The Office of the Comptroller of the Currency (OCC) has assessed a $60 million civil monetary penalty against USAA, Federal Savings Bank, for violations of the OCC’s Bank Secrecy Act regulations. The OCC also issued a Cease and Desist Order against USAA citing the bank’s failure to establish and maintain an effective Bank Secrecy Act/Anti-Money Laundering (BSA/AML) program.
The OCC’s civil monetary penalty (which will be paid to the U.S. Treasury) is separate from, but coordinated with, a settlement between USAA and the Financial Crimes Enforcement Network (FinCEN), where FinCEN assessed a $140 million civil monetary penalty against USAA for willful violations of the Bank Secrecy Act and its implementing regulations. FinCEN has agreed to credit the $60 million civil penalty imposed by the OCC.

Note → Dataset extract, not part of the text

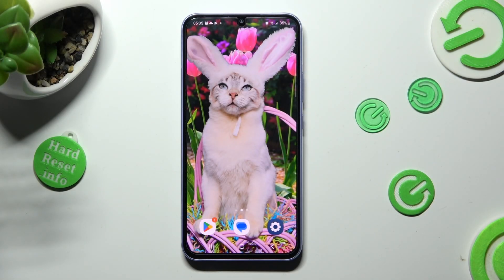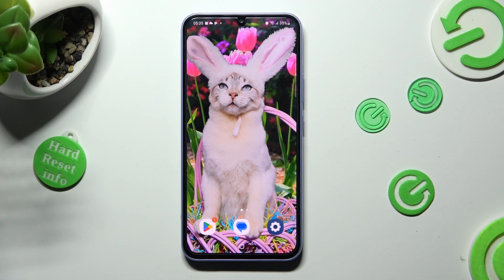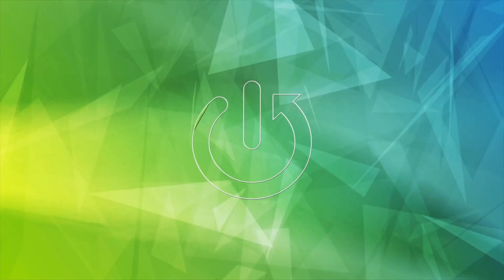Hi! In front of me is Samsung Galaxy A34, and today I would like to show you how you can resize font on this device.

In its findings, the OCC reports that USAA failed to adopt and implement a BSA/AML program that adequately covered the requirements of the Bank Secrecy Act and its implementing regulations.
The OCC claims that such deficiencies resulted in USAA’s failure to file timely suspicious activity reports. The bank also failed to correct BSA/AML internal control problems that the OCC had previously identified and reported to it.
Congress passed the Bank Secrecy Act, aka the Anti-Money Laundering Law, in 1970 to combat money laundering. Since then, the BSA has required financial institutions to work with government agencies to protect their clients, communities, and country. Financial institutions are required to maintain detailed records and report any suspicious activity that could indicate money laundering or other crimes.
“As its customer base and revenue grew in recent years, USAA FSB willfully failed to ensure that its compliance program kept pace, resulting in millions of dollars in suspicious transactions flowing through the U.S. financial system without appropriate reporting,” said FinCEN’s Acting Director Himamauli Das. “USAA FSB also received ample notice and opportunity to remediate its inadequate AML program, but repeatedly failed to do so. Today’s action signals that growth and compliance must be paired, and AML program deficiencies, especially deficiencies identified by federal regulators, must be promptly and effectively addressed.”
The OCC’s Cease and Desist Order requires the bank to take broad and comprehensive corrective actions to improve internal controls, training, staffing, and third-party risk management of its BSA/AML program.